Micro X-ray computed tomography analysis for the evaluation of asymmetrical condylar growth in the rat.

OBJECTIVES: To investigate the influence of forced lateral bite on mandibular growth, micro X-ray computed tomography (CT) was used for the purpose evaluating condylar cartilage and cancellous bone formation in 10 male Wister rats (3 weeks of age). SETTINGS AND SAMPLE POPULATION: The rats were divided into two groups--experimental and control. In experimental group, an inclined crown was cemented onto the maxillary incisors to produce 2.5 mm shift toward the left side during mastication. Right-left differences in whole mandibular length, mandibular height, condylar size, trabecular structure of the condylar head and three-dimensional (3-D) finite element analysis were assessed using 3-D images reconstructed from micro X-ray CT scans when the mice had reached 21 weeks. MEASUREMENTS AND RESULTS: Asymmetrical growth was found in the experimental group, in which the left condylar head became thicker and shorter than the right condylar head during development.

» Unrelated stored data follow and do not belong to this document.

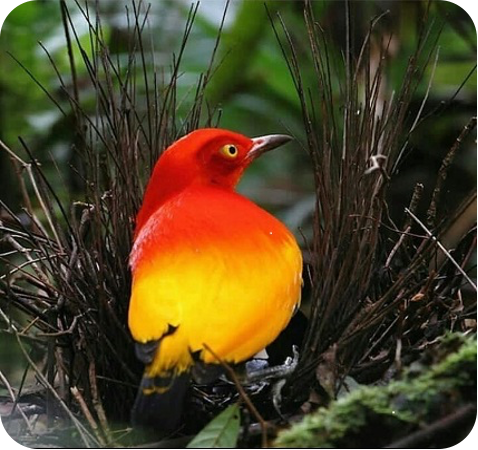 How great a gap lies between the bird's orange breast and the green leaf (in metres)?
0.06

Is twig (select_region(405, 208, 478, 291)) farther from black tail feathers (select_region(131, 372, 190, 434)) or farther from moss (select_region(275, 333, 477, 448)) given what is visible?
black tail feathers (select_region(131, 372, 190, 434))

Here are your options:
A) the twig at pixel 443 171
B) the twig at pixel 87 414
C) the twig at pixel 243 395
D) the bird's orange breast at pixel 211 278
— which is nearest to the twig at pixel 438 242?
the twig at pixel 443 171

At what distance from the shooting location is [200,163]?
38.5 inches

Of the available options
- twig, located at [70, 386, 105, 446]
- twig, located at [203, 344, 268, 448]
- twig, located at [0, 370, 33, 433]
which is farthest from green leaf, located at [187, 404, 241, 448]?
twig, located at [0, 370, 33, 433]

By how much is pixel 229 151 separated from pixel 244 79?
0.31m

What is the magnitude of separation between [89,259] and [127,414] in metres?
0.19

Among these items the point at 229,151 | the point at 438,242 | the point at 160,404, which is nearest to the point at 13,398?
the point at 160,404

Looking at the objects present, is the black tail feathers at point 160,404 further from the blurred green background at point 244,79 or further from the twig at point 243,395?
the blurred green background at point 244,79

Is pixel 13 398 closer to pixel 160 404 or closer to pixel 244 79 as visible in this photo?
pixel 160 404

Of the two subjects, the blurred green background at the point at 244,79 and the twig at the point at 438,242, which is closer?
the twig at the point at 438,242

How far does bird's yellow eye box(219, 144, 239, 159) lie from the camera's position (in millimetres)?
985

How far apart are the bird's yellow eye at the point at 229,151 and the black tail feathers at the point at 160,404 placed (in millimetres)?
269

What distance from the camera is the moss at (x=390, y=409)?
0.80 meters

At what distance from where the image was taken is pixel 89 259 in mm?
997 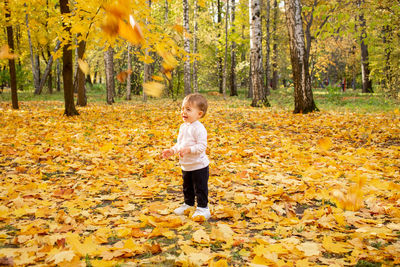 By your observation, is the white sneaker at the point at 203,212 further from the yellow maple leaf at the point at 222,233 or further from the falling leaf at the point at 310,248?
the falling leaf at the point at 310,248

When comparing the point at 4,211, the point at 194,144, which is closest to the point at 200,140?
the point at 194,144

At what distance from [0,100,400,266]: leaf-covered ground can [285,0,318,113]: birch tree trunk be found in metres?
2.71

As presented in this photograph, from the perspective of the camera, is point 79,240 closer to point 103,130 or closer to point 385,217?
point 385,217

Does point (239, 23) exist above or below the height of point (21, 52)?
above

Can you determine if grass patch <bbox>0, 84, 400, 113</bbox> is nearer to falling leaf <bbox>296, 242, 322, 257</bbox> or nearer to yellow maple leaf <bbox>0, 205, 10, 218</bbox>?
falling leaf <bbox>296, 242, 322, 257</bbox>

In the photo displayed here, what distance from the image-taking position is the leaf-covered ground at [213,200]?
7.08ft

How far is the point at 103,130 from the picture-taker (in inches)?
305

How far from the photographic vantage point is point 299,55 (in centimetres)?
947

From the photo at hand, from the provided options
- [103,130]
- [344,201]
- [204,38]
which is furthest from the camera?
[204,38]

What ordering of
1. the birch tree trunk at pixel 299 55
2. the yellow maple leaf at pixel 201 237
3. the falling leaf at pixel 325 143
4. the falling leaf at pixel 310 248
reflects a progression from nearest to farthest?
the falling leaf at pixel 310 248, the yellow maple leaf at pixel 201 237, the falling leaf at pixel 325 143, the birch tree trunk at pixel 299 55

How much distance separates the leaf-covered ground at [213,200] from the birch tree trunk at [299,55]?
2.71m

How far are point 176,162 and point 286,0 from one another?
725 cm

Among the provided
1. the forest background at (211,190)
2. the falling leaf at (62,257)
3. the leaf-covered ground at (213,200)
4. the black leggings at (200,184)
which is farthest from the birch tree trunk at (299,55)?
the falling leaf at (62,257)

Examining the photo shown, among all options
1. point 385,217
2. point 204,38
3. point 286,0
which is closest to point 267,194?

When comparing the left and right condyles of the experimental animals, histomorphometric analysis from micro X-ray CT showed that the bone volume (BV) of the cancellous bone, the surface area of the cancellous bone (BS), the BS/BV ratio, the BV fraction (BV/TV), and the trabecular thickness and trabecular number were less for the right condyle than for the left condyle. CONCLUSIONS: These findings suggested that artificial changes in the mastication do influence the growth of condylar head, condylar bone trabecular structure, and mineralization.